What to do:
Copy every line of the records exactly, without including the images.

============

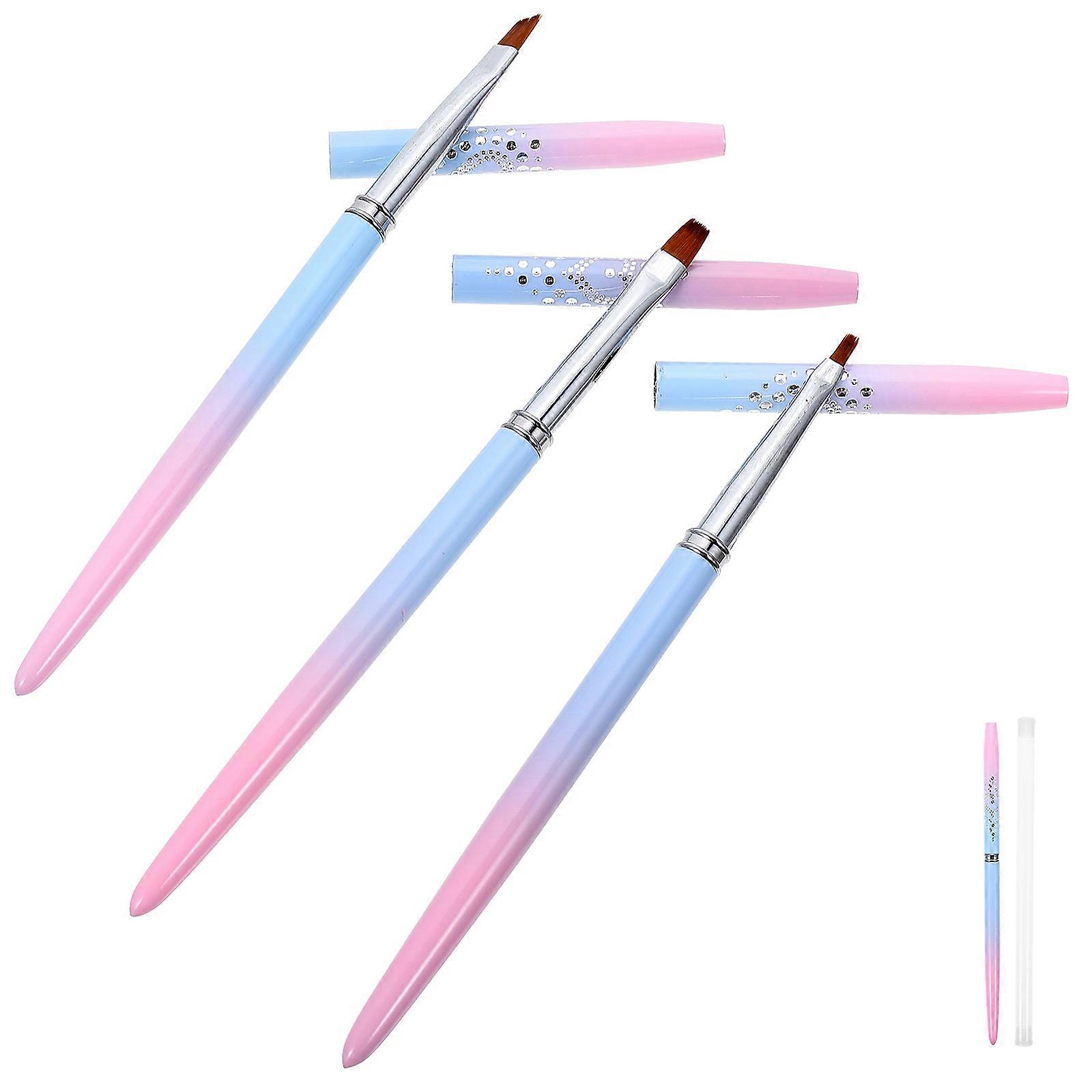 Manicure Brushes 3Pcs Sloped Brush Tip Nail Art Tools Diy Projects Brushes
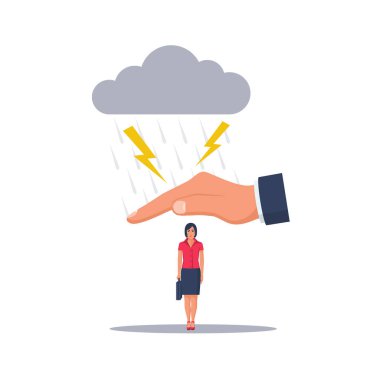 Personel koruması. Müdür çalışanı kötü etkilerden korur. Çalışanlara yardım parası. İşçi sigortası ya da koruma. Vektör çizimi düz tasarım. Beyaz arkaplanda izole. 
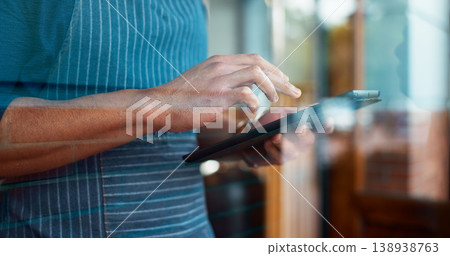 Hands, restaurant or barista on tablet for small business owner, social media update or sale promotion. Waiter, scroll closeup or person reading on technology app for coffee shop order on cafe review 138938763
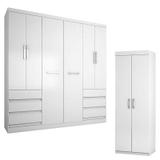 Guarda Roupa Casal 2177 e Armário Multiuso 6020 Branco - Araplac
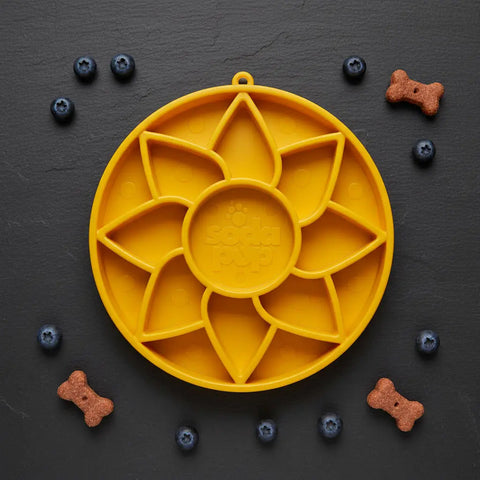 Sunflower Pattern Slow Feeder Dog Bowl – Soft Flexible Lick Mat 8 Inch | BPA-Free TPE | Made in USA SodaPup  ETRAY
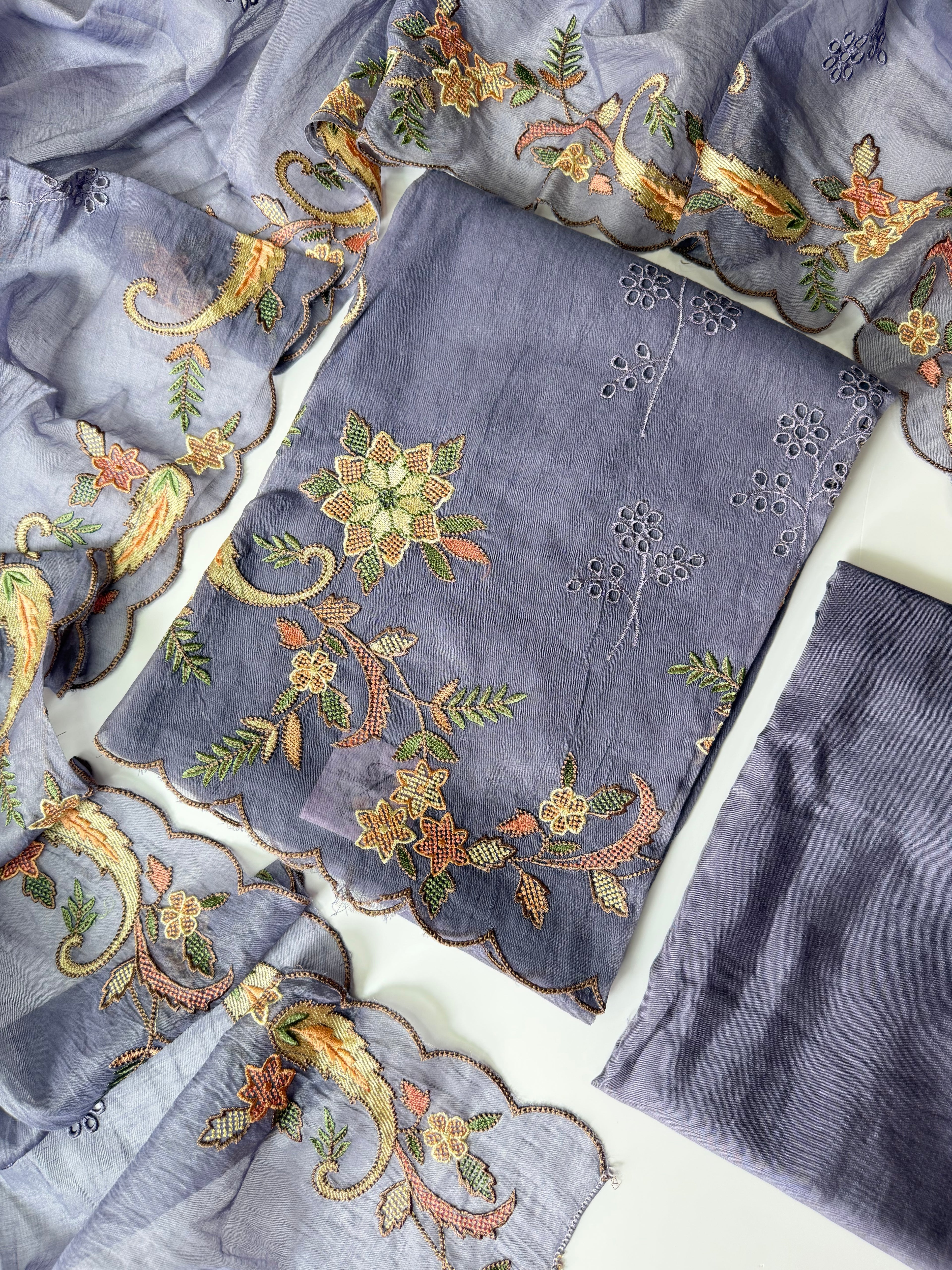 Lilac mul chanderi unstitched suit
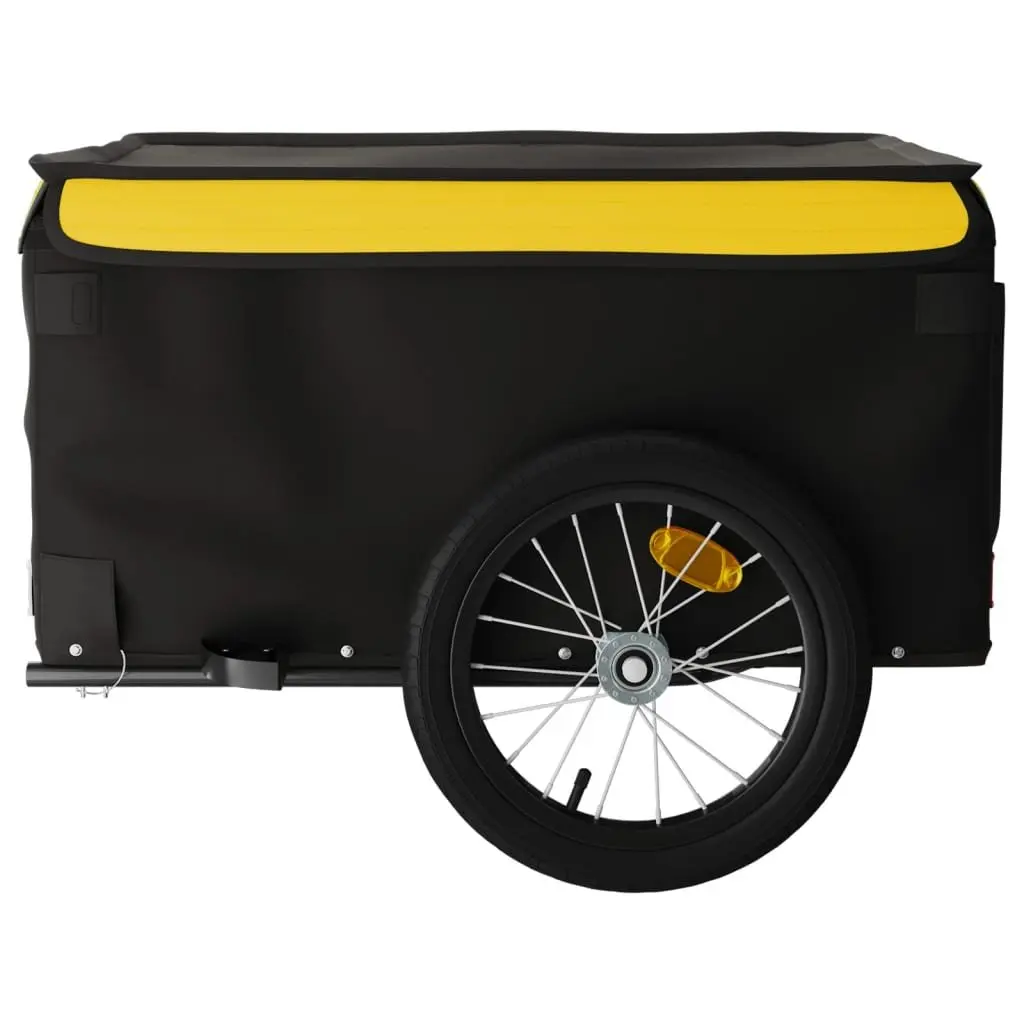 Bike Trailer Heavy Duty Cargo Transport 45kg Load Capacity Iron Yellow and Black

============

Task result:
 Manicure Brushes 3Pcs Sloped Brush Tip Nail Art Tools Diy Projects Brushes
 Personel koruması. Müdür çalışanı kötü etkilerden korur. Çalışanlara yardım parası. İşçi sigortası ya da koruma. Vektör çizimi düz tasarım. Beyaz arkaplanda izole. 
 Hands, restaurant or barista on tablet for small business owner, social media update or sale promotion. Waiter, scroll closeup or person reading on technology app for coffee shop order on cafe review 138938763
 Guarda Roupa Casal 2177 e Armário Multiuso 6020 Branco - Araplac
 Sunflower Pattern Slow Feeder Dog Bowl – Soft Flexible Lick Mat 8 Inch | BPA-Free TPE | Made in USA SodaPup  ETRAY
 Lilac mul chanderi unstitched suit
 Bike Trailer Heavy Duty Cargo Transport 45kg Load Capacity Iron Yellow and Black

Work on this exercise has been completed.